The many abuses committed by the Church of Scientology against its own members since its incorporation in 1953 can’t really be called “shocking” anymore, can they? Not to readers of Lawrence Wright’s 2013 expose, Going Clear: Scientology, Hollywood, and the Prison of Belief, or viewers of the 2015 HBO documentary based on the the book, or readers of the memoirs written by former Scientologists who left the church — including Remini herself, who published a book last year called Troublemaker: Surviving Hollywood and Scientology. Scientology and the Aftermath is a continuation of Remini’s stated project: To prevent even one person from joining an organization that she says she “promoted, defended, and believed in, most of my life.”

Scientology and the Aftermath, an eight-episode series that premiered on Tuesday, is one more salvo in the ongoing war between the church and its defectors. In the premiere, Remini describes her relationship to Scientology, which began when her mother joined the church when she was a pre-teen and ended in 2013 with her public departure from the organization that she once openly promoted.

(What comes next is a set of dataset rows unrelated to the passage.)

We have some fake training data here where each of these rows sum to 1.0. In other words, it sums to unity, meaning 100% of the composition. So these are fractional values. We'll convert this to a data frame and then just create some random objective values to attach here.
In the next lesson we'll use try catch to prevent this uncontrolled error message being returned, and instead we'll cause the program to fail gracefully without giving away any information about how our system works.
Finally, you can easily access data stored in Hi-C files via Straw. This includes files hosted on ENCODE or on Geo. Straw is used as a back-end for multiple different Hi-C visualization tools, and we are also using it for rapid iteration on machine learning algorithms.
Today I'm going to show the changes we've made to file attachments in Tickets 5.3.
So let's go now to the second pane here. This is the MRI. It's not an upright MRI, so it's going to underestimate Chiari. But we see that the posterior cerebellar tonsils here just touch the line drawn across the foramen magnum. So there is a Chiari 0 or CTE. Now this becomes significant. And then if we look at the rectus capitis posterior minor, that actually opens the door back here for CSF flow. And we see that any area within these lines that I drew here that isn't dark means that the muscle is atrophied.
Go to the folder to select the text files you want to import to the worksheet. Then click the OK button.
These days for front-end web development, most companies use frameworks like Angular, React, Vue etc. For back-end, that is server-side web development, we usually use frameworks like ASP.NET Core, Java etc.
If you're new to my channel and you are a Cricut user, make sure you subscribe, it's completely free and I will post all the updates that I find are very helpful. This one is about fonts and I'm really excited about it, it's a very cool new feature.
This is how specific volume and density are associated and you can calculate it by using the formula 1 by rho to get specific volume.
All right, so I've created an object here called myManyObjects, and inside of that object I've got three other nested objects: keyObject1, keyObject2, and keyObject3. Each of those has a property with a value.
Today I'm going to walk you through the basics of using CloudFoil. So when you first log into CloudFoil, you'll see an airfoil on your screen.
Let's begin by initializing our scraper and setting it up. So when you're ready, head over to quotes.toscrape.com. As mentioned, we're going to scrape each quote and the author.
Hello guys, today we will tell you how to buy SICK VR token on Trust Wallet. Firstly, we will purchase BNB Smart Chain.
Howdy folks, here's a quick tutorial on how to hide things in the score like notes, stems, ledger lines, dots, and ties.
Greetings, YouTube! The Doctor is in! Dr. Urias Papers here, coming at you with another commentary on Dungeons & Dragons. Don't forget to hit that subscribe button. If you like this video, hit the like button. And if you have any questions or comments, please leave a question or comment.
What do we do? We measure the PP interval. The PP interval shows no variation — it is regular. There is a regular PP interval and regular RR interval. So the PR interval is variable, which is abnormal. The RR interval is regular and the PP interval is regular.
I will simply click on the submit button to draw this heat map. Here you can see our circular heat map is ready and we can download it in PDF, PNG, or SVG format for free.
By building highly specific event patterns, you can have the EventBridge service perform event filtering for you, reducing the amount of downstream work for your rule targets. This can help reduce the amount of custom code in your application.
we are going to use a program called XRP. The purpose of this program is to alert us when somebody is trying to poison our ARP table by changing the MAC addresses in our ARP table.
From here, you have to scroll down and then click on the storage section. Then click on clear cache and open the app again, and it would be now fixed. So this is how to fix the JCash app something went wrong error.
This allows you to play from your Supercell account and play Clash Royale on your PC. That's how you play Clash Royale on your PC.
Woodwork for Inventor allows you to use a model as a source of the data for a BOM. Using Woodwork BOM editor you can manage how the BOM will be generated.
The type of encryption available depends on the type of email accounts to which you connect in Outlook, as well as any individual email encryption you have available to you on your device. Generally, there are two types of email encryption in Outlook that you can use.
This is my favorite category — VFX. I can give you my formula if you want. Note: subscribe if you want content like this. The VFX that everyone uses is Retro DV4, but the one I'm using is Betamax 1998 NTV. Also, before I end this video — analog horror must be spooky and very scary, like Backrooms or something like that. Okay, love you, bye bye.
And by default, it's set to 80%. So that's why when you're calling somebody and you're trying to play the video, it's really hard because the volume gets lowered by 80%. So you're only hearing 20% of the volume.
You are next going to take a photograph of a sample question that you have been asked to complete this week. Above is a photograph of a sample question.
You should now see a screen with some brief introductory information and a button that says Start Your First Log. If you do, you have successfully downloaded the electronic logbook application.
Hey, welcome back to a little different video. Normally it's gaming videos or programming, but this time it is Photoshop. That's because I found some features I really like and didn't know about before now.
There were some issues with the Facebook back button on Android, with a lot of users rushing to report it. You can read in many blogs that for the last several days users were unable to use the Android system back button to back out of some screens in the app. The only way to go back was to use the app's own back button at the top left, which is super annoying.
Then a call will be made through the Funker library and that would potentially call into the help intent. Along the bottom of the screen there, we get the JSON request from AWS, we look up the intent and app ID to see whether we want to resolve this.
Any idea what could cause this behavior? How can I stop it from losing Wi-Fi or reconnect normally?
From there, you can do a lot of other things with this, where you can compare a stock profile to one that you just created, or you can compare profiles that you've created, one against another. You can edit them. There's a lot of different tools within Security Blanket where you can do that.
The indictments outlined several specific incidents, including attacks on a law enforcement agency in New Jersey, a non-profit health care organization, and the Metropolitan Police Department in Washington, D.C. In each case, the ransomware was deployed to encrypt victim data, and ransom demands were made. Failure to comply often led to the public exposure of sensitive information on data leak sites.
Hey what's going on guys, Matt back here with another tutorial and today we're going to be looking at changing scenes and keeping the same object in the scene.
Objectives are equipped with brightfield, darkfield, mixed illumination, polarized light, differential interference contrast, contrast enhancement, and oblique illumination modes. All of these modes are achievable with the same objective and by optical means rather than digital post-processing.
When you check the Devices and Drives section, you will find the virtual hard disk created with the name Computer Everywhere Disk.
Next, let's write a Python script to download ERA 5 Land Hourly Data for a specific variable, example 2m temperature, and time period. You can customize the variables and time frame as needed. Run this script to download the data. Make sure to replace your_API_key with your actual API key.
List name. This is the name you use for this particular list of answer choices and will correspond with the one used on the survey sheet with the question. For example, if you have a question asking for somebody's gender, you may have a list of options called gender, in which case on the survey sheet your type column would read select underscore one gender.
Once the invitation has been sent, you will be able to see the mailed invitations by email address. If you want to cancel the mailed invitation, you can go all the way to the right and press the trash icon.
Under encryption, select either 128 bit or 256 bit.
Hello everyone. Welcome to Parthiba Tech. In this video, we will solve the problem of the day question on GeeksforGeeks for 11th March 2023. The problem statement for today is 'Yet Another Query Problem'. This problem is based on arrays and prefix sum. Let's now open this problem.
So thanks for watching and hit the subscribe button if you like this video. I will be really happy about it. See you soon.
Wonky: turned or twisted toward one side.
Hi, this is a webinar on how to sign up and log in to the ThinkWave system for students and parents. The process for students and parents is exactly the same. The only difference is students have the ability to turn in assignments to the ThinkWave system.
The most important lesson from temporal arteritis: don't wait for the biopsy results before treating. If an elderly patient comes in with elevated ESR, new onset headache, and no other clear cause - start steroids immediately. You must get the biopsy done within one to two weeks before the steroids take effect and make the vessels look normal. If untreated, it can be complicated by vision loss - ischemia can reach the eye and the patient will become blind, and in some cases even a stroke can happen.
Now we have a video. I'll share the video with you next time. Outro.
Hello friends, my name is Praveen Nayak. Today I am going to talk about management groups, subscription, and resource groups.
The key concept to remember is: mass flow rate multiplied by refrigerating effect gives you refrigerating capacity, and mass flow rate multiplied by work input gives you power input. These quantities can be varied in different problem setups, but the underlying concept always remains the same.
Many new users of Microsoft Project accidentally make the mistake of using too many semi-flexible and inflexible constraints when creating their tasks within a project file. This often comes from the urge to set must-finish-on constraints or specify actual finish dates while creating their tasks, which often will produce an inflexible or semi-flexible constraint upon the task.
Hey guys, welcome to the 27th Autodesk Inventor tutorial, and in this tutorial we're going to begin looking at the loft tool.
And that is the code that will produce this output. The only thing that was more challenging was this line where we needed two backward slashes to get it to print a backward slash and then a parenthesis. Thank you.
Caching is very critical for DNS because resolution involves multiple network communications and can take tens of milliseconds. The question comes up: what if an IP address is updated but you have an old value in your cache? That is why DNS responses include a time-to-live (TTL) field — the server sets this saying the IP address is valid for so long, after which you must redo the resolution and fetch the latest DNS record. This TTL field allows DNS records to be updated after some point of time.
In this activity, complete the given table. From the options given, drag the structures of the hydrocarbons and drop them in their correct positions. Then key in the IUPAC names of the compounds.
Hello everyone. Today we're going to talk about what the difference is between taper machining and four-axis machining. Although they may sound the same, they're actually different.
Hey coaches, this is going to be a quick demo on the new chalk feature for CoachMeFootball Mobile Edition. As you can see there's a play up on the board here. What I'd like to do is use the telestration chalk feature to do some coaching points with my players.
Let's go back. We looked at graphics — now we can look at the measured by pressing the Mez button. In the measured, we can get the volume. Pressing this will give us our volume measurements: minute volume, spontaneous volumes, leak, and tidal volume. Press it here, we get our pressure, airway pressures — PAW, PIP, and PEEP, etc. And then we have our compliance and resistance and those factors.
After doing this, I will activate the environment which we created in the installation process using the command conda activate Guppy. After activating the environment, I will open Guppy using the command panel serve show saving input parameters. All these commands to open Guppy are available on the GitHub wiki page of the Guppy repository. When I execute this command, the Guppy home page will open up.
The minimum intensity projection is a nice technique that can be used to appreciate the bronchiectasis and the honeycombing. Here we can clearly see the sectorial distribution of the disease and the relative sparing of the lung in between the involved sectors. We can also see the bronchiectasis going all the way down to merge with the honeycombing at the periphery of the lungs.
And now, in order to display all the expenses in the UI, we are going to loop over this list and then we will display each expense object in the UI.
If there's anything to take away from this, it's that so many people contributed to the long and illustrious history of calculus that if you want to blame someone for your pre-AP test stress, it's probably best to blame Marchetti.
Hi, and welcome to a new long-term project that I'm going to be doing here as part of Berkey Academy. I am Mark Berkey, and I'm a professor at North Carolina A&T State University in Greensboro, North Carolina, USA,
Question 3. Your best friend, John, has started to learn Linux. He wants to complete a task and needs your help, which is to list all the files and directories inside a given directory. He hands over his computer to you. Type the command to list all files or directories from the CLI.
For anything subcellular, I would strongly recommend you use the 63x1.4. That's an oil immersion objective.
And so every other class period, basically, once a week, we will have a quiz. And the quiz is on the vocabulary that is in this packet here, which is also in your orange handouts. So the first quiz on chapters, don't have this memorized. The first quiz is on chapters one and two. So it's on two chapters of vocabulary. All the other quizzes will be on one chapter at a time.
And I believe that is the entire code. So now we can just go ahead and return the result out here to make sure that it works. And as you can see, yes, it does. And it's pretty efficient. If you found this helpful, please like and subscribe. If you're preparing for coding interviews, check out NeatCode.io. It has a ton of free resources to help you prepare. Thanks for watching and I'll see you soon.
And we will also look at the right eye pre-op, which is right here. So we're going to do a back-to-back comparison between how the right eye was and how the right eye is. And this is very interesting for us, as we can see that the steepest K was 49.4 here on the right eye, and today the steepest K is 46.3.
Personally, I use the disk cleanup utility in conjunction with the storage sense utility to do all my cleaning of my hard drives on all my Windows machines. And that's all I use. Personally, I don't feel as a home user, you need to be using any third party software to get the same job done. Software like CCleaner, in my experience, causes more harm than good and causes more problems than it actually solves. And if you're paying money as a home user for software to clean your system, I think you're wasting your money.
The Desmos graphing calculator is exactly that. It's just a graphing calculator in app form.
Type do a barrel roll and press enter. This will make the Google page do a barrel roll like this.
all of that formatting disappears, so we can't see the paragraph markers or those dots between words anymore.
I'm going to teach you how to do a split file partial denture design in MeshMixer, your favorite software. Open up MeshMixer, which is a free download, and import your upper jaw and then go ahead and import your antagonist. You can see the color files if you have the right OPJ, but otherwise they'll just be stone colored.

That Remini was once a devoted believer makes her denunciation of the church all the more powerful. Over archival footage of the actress preaching the merits of Scientology in the late 1990s (“We are the most ethical group you’re ever gonna find”), Remini describes the appeal of the church. Scientology, she says, promises to transform you into the best version of yourself — to “reach the highest potential as a spiritual being.” Its message shrewdly espouses both personal and global gain, promising that its members are helping to make the world a better place. As Remini says, “It offers you a sense of purpose in life.”

But as the defectors featured in Scientology and the Aftermath explain, for members, the church is such an all-consuming force in their lives that it becomes increasingly difficult to see it for what it is. “If I succeeded, it was because of Scientology,” Remini recalls. “If I failed, it was because I wasn’t doing Scientology.” The organization works to separate Scientology from the outside world; anyone whom the church declares a “suppressive person” — basically anyone who dares question the church’s policies or practices — must “disconnect” from the church, cutting off all contact even with members of their own family.

After Remini announced she was leaving the church, others started to reach out to her — including Amy Scobee, a former Scientologist and high-ranking staffer who was responsible for the church’s Celebrity Centers. In the premiere, Scobee invites Remini and her camera crew into her home and describes the church’s aggressive pursuit of celebrities, who are considered “walking success stories”; her job involved making sure Tom Cruise, Scientology’s flagship celebrity and good friend of its leader, David Miscavige, was surrounded by members of the church. They were his housekeepers, his maids, his mechanics.

I’ve generally resisted the post-election urge to turn every TV review into a diatribe against Trumpism, but watching this series, I kept thinking of Masha Gessen’s New York Review of Books article, “Autocracy: Rules for Survival,” published on November 10. “It is no fun to be the only hysterical person in the room,” she writes. We’ve been hearing a lot about “normalization” since Trump’s election, and Scientology’s defectors provide a kind of case study on resisting the impulse to see order amid chaos.

Scobee describes how quickly she began to justify the abuse — physical as well as psychological — she saw on a regular basis, including from Miscavige himself. When Scobee was 14 and a new addition to the church, she describes how her married, 40-something superior coaxed her into staying late one night and having sex with him — statutory rape, she realized later. At the time, she stayed silent. “My mind would immediately justify why this crap was OK,” she tells Remini — until she had a “blinding realization” that she was “rationalizing insanities.”

After Scobee tells this story, Remini is livid that she can’t go back and break the man’s legs. But Mike Rinder, another defector who was once the church’s global spokesman, points out, “There’s one thing that can be done. It can be exposed.”

Most of what Scientology and the Aftermath “exposes” is already public knowledge, but that doesn’t seem to faze Remini. Her goal is nothing short of a populist uprising, a mobilization of current and former Scientologists against an organization that exploits its members physically, emotionally, psychologically, and financially. Scientology’s abuses may be well-documented, but as Gessen writes, “in the face of the impulse to normalize, it is essential to maintain one’s capacity for shock.”

 

Leah Remini: Scientology and the Aftermath airs Tuesdays at 10 p.m. on A&E.